You know the old saying, ‘don’t put all your eggs in one basket’ It is still great advice when it comes to investing. The right balance of cash, shares, and property can give you the best returns depending on your personal risk profile.

2. Solid long-term performance:

According to the ASX 2015 long-term investing report, for the first time in decades, international shares have overtaken ASX shares as the best performing asset class over the 10 years studied (to December 2014). However, previous year’s long-term reports have shown terrific long-term performance from Australian shares, and as the 2015 report points out, a 20-year view shows Australian shares are a clear winner, along with Australian residential property.

So despite a short-term drop, Australian share trading is still looking pretty good over the long-term view. Click here to see our comparison of how various asset classes have performed over the past 30 years.

3. Dividends add an extra source of income:

Unlike term deposit rates, which have been falling as the RBA lowers the official cash rate, the income paid on Australian shares has historically grown at an average rate of between 5%-6.5% each year.

And since a company has already paid tax on its earnings at the higher rate of 30%, dividends received come with a bonus in the form of a franking credit. From the franking credit, you only ‘lose’ the difference between the 30% and your own tax rate – so it’s still quite a nice bonus.

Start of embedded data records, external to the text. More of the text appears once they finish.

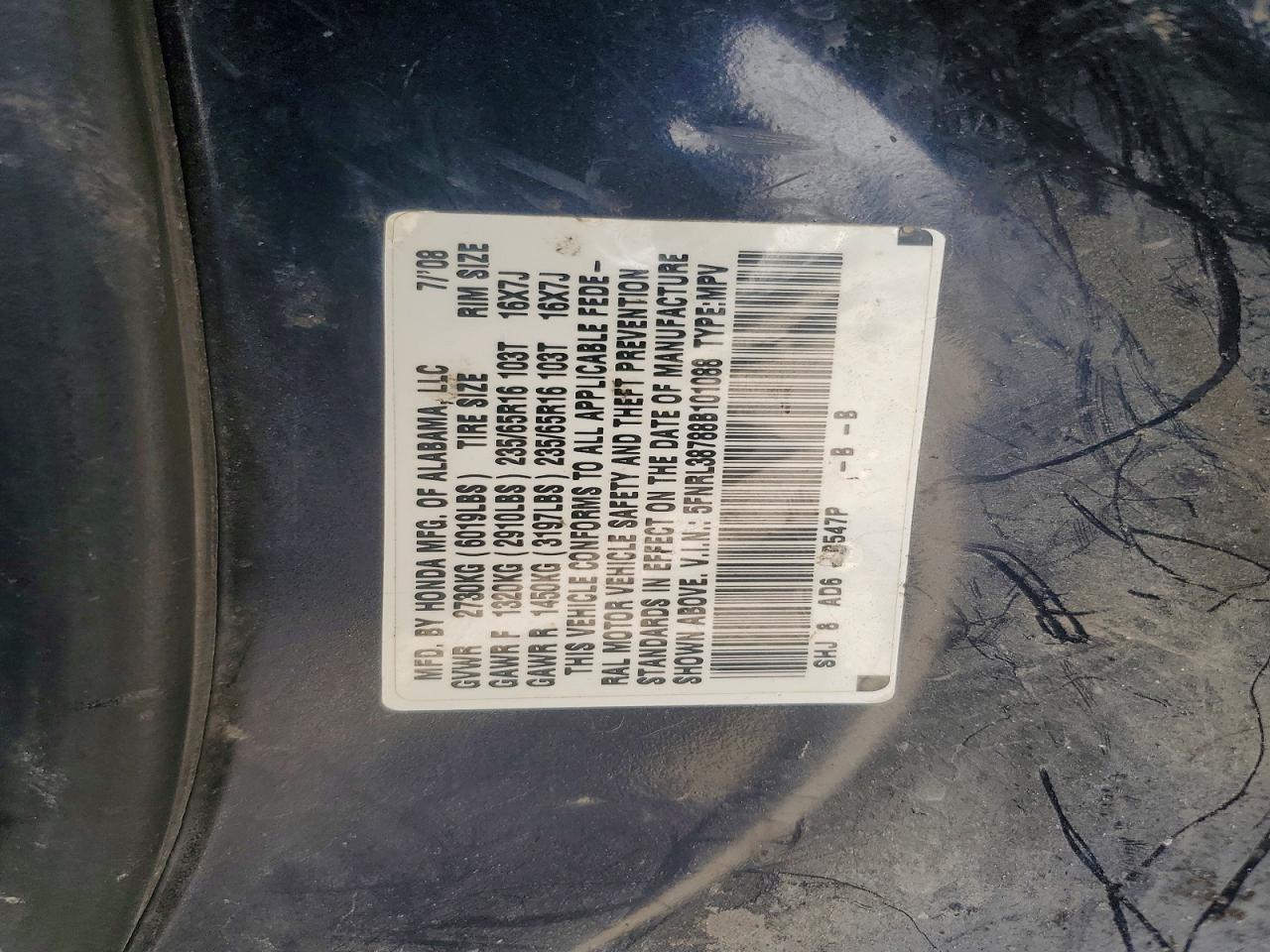 2008 Honda Odyssey Exl Синий vin: 5FNRL38788B101088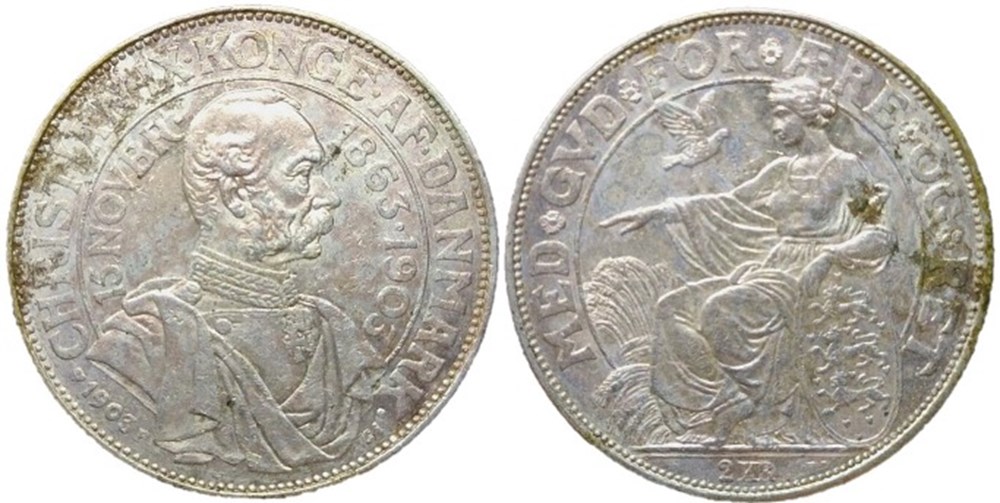 Christian IX Denmark - 2 Kroner 1903 - 40th Anniversary of Reign monnaies monde danemark christian ix denmark 2 kroner 1903 40th anniversary of reign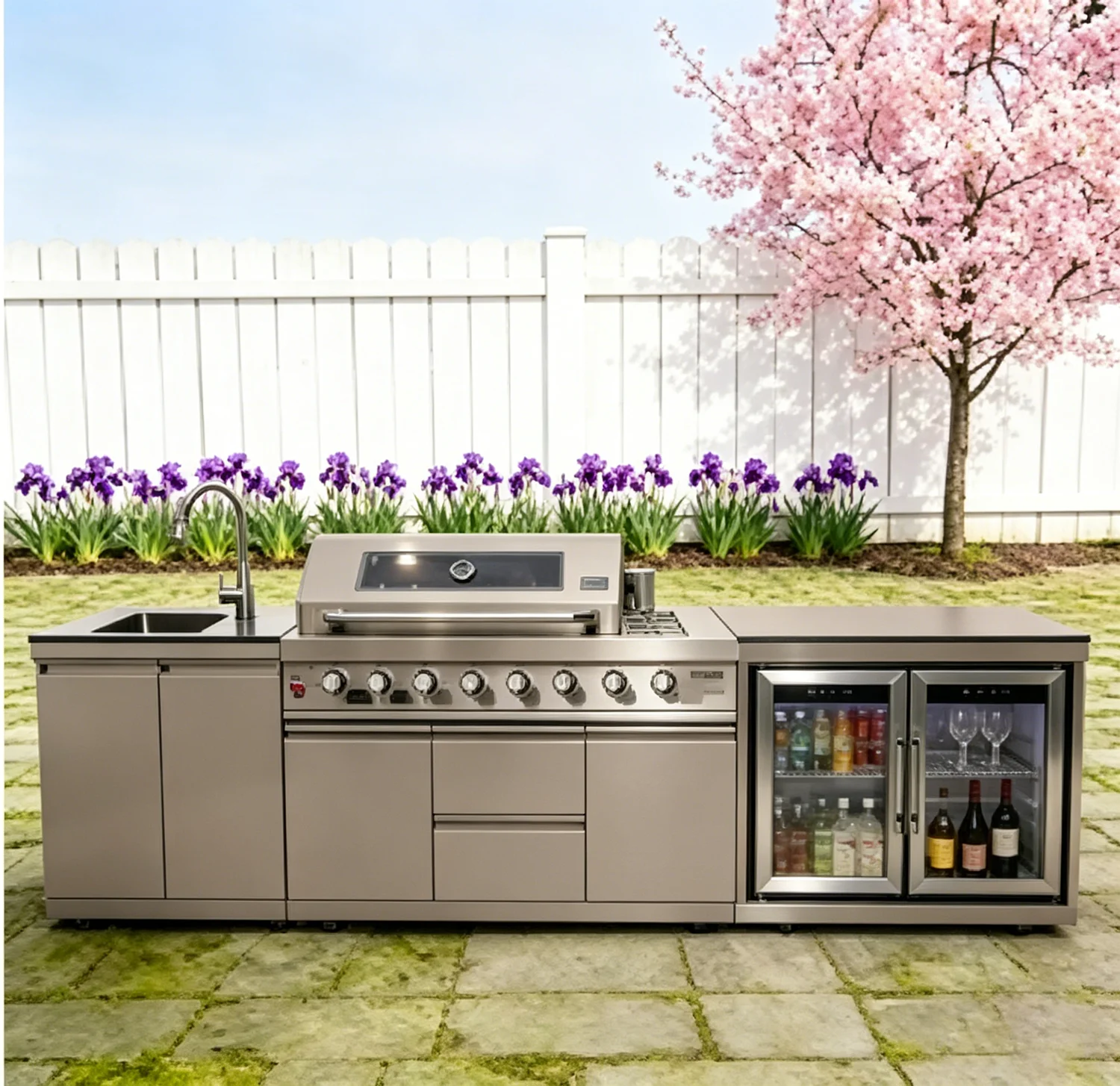 Full Kitchens Offer Complete Outdoor Kitchens, Durable Cabinets Set with Kitchen Islands & Carts, Ensemble Casserole De Cuisine thumbnail 5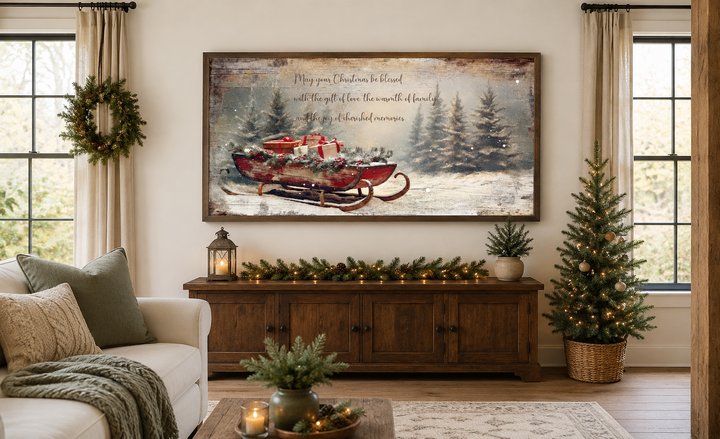 Framed canvas wall art of Santa's sleigh with gifts and a Christmas blessing in a rustic room.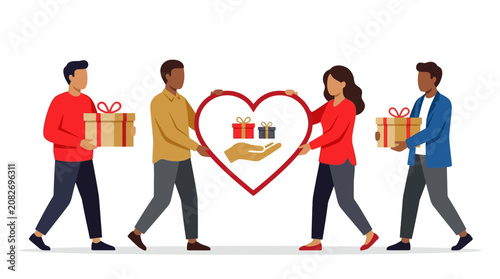 Fotografía Diverse people holding a large heart and carrying gift boxes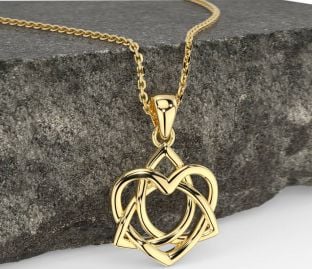 Gold Celtic Trinity Knot Heart Necklace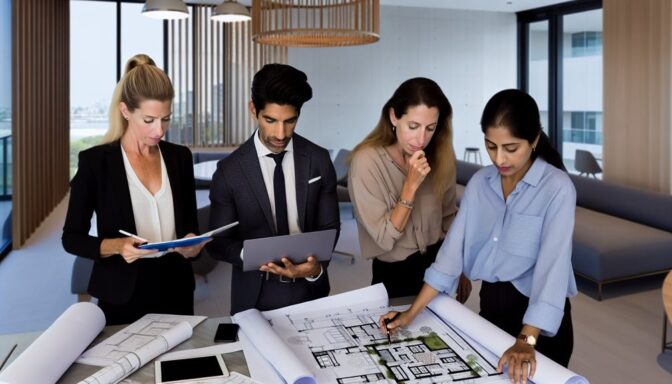 Professionals reviewing building blueprints in modern office with wooden pendant lights. 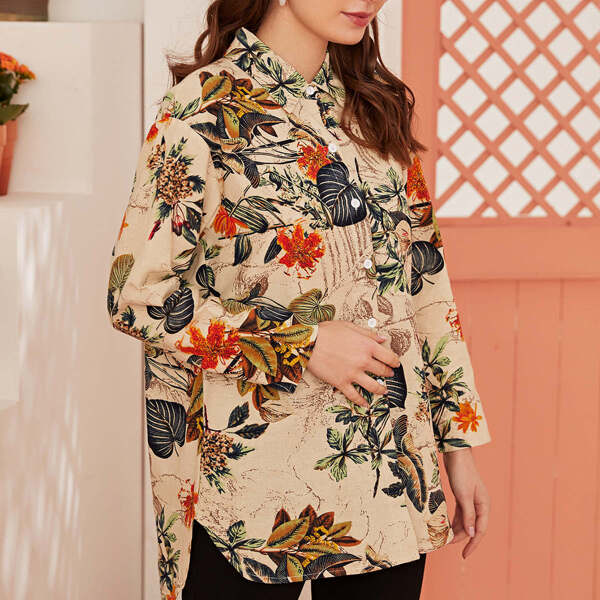 

Tropical Print Dip Hem Blouse, Multicolor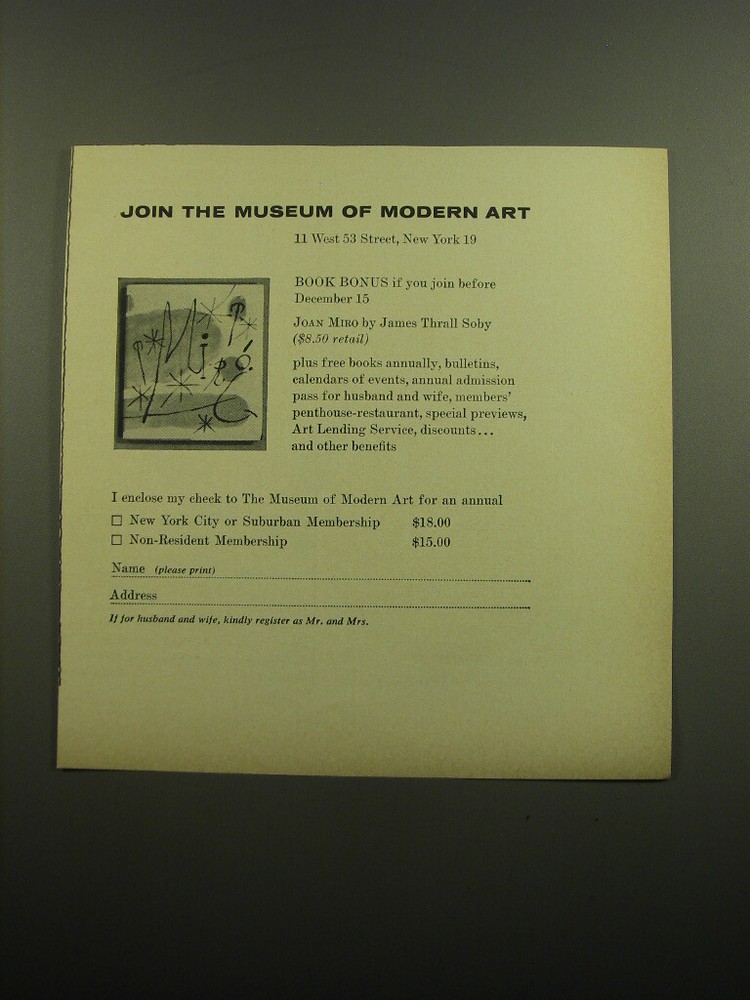 1960 Museum of Modern Art Ad - Join the Museum of Modern Art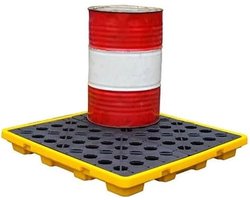 Olieopvangbak - Morspreventie Pallet - Industrieel Opslaan - Modulair Ontwerp - 67 x 67 x 15 cm - Geel Zwart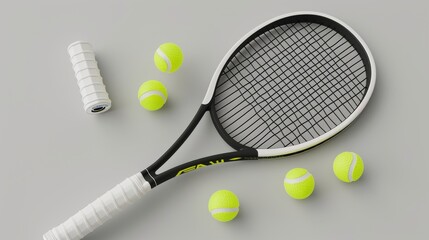 It includes a tennis racket, balls, and a light grey background.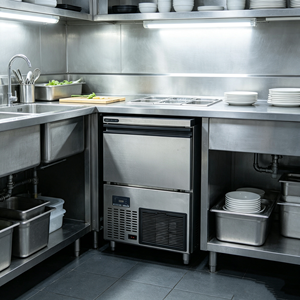Machine à glaçons commerciale en acier inoxydable, 80 kg par jour, capacité de stockage de 30 kg, type intégré, pour restaurant - Product Image 1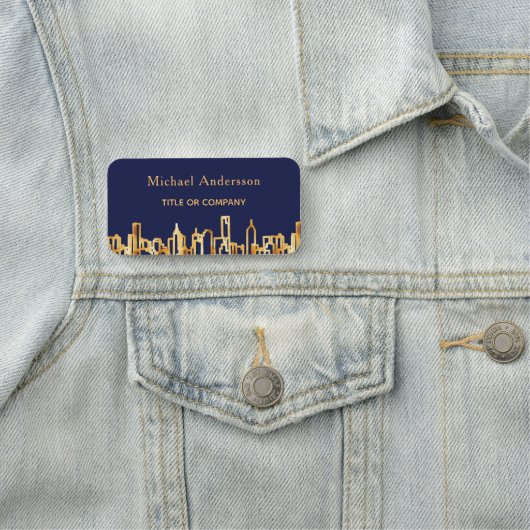 Schyline navelblauwe goudstad naamplaatje (In situ)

4. Benefit from a good economy:

We all support the economy indirectly every day, by buying goods and services from businesses listed on the Australian share market. Buying shares in one of those businesses, from an industry with good management and solid growth prospects, could mean you benefit along with the economy.

Online share trading fees and costs:

Brokerage: The main fee that online share trading customers pay to stockbroking firms is brokerage: a fee charged to buy or sell shares and to monitor and manage conditional orders.

The good news for customers is that the average cost of brokerage per trade has continued to fall over the past five years since 2010, for both high-value and low-value trades. As our 2015 report found, the average cost of placing a $100,000 trade has fallen by an average of over $8 over the past five years, representing a decrease of 7.67%. The cost of placing a $5,000 trade has also fallen by over $6, which is a substantial decrease of 23.99%.

Information service fee: A fee charged by a stockbroker to provide information about the current or delayed prices of shares listed on the ASX.

Fail fee: A fee charged by a stockbroker to the seller if the seller fails to deliver the securities, or to the buyer if the buyer fails to make payment by the settlement date.

Staying safe online:

According to a 2014 study by the Australian Communications and Media Authority (ACMA), 4.3 million Australians with an internet-enabled mobile phone downloaded a banking and finance app in just 6 months in 2013. A 2015 study released by E*TRADE showed more than two out of three Gen X investors and more than half of all Baby Boomers surveyed said mobile trading was “critical”.

We are used to having instant access to conduct financial transactions on the go, and we expect faultless security. Just like with internet banking, your details falling into the wrong hands could be disastrous.

If something were to happen on the broker’s end, you would be protected. But there are also a few vital things you need to do to keep your online share trading activities safe:

  1. Never reveal your logon details or password. Always log off before you walk away from your computer or phone.
  2. Pick a long password that is a combination of letters and numbers. SplashData, a provider of password management apps, has compiled a list of the worst (and most common) passwords from over 3.3 million passwords that were leaked online in 2014. “123456” maintains its spot as the worst password of all time.
  3. Keep your security software up-to-date.

Taking online security seriously can help you stay safe when trading shares online. It’s your money, so don’t just give it away to any old hacker.